**Problem details**: From the material below, please set down exactly the lines starting with the one with "Satılır 4 otaqlı həyət evi/bağ evi 100 m²" and going on through the one with "Un mod&egrave;le d'une", without a single picture.

══ Working data

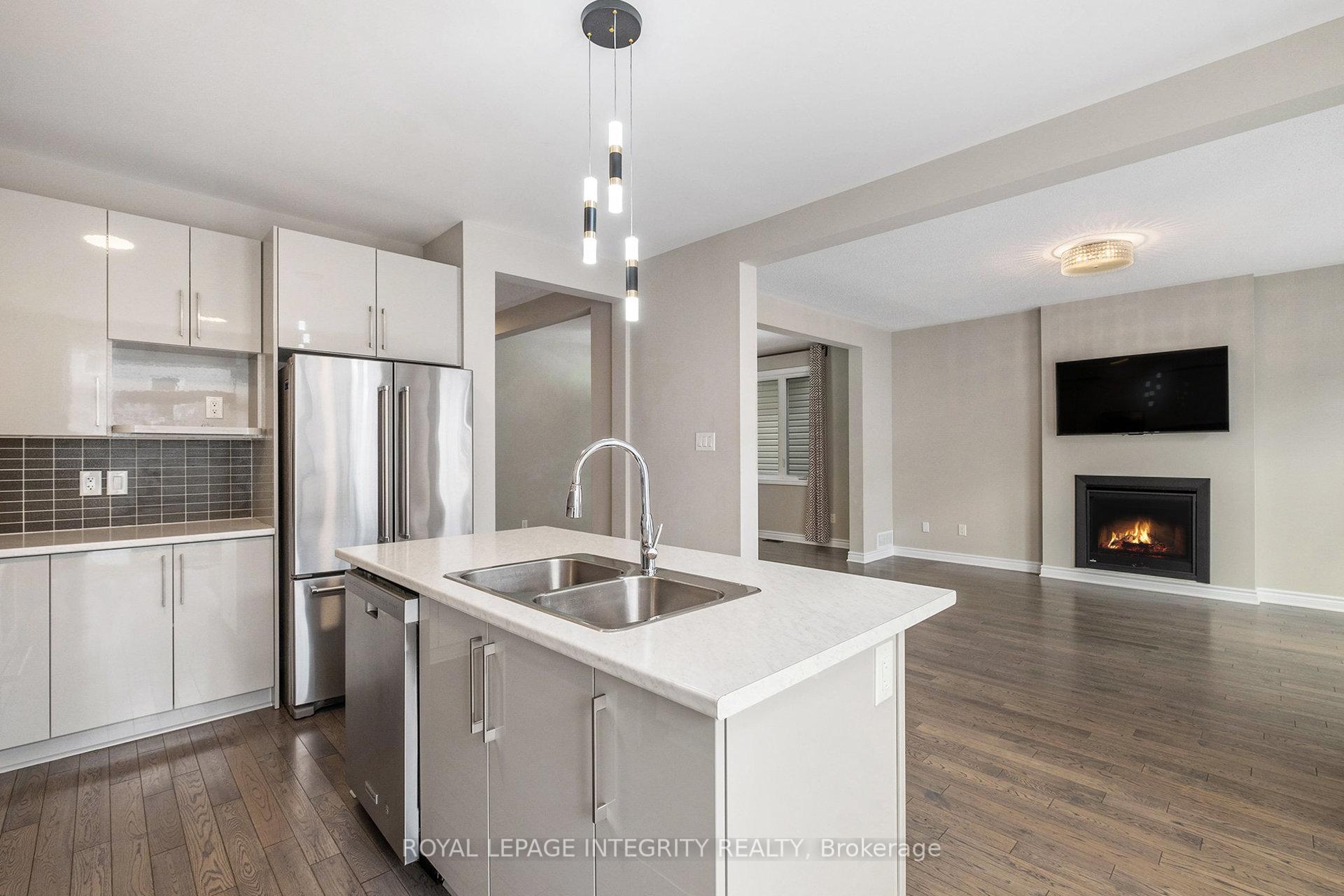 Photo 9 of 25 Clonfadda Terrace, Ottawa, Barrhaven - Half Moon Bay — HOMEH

════
══ Working data

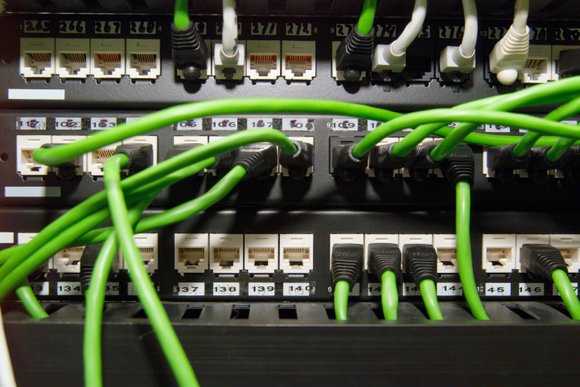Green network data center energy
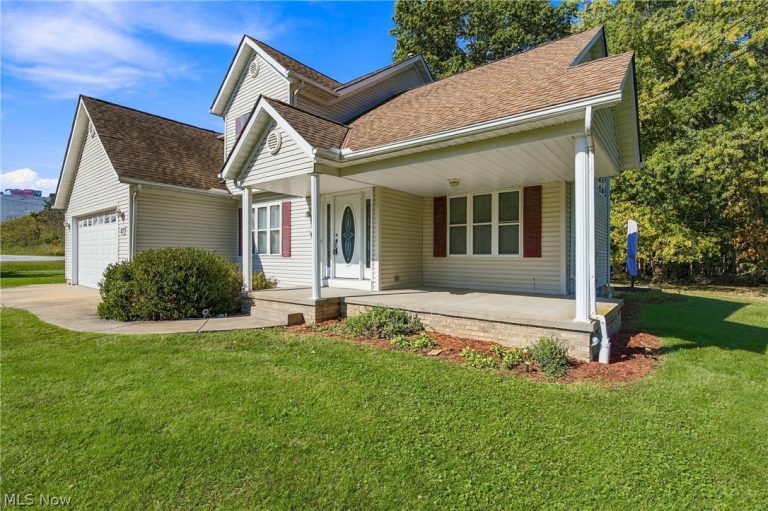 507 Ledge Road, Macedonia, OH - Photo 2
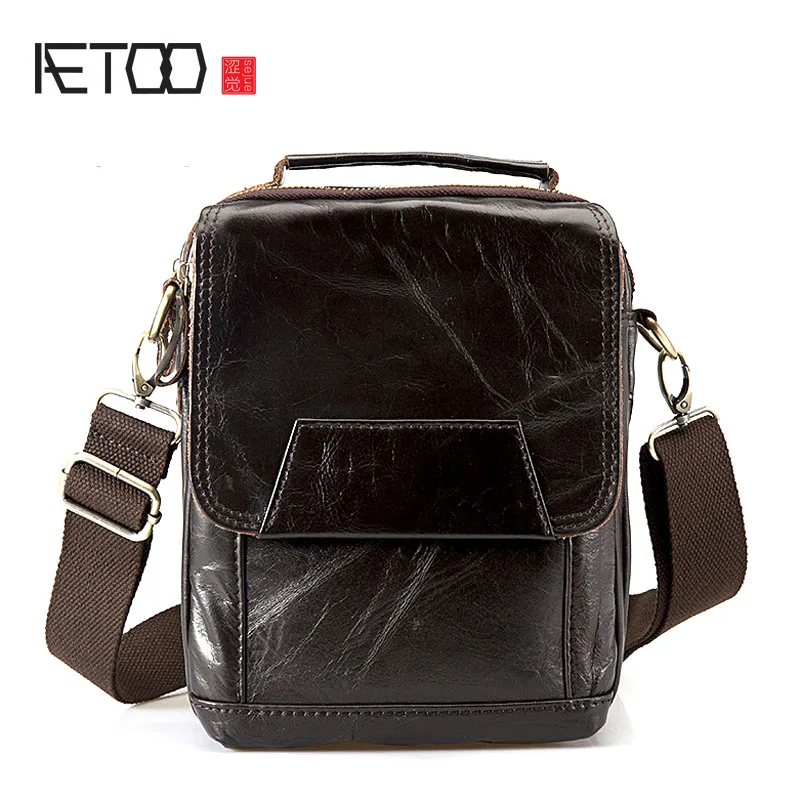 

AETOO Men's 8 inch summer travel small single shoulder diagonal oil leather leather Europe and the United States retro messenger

════
══ Working data

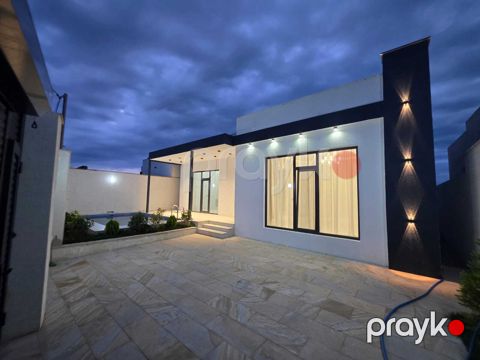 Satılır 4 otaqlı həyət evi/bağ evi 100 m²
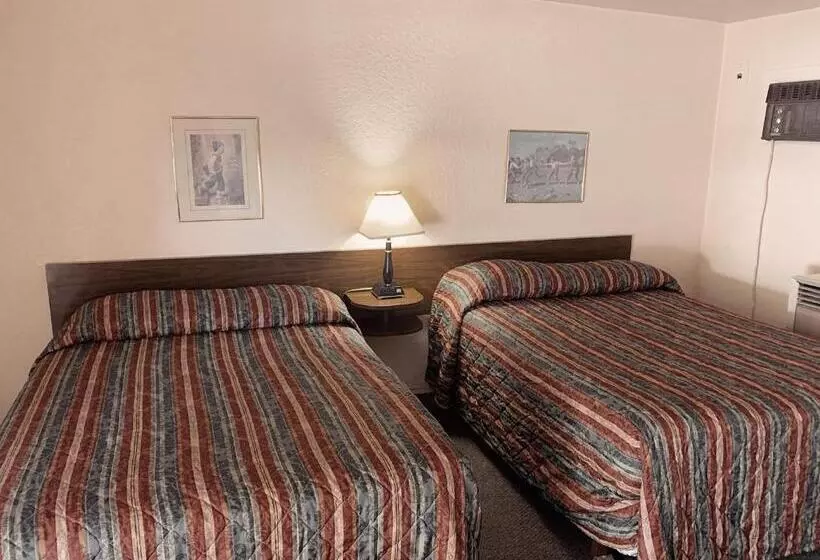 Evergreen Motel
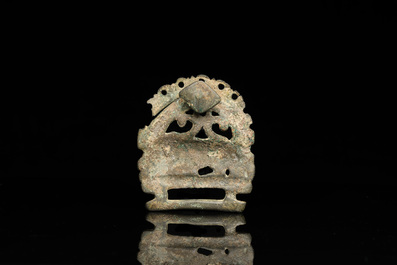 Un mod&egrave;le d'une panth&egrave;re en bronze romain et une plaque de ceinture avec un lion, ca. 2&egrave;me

════

**Written solution**:
 Satılır 4 otaqlı həyət evi/bağ evi 100 m²
 Evergreen Motel
 Un mod&egrave;le d'une panth&egrave;re en bronze romain et une plaque de ceinture avec un lion, ca. 2&egrave;me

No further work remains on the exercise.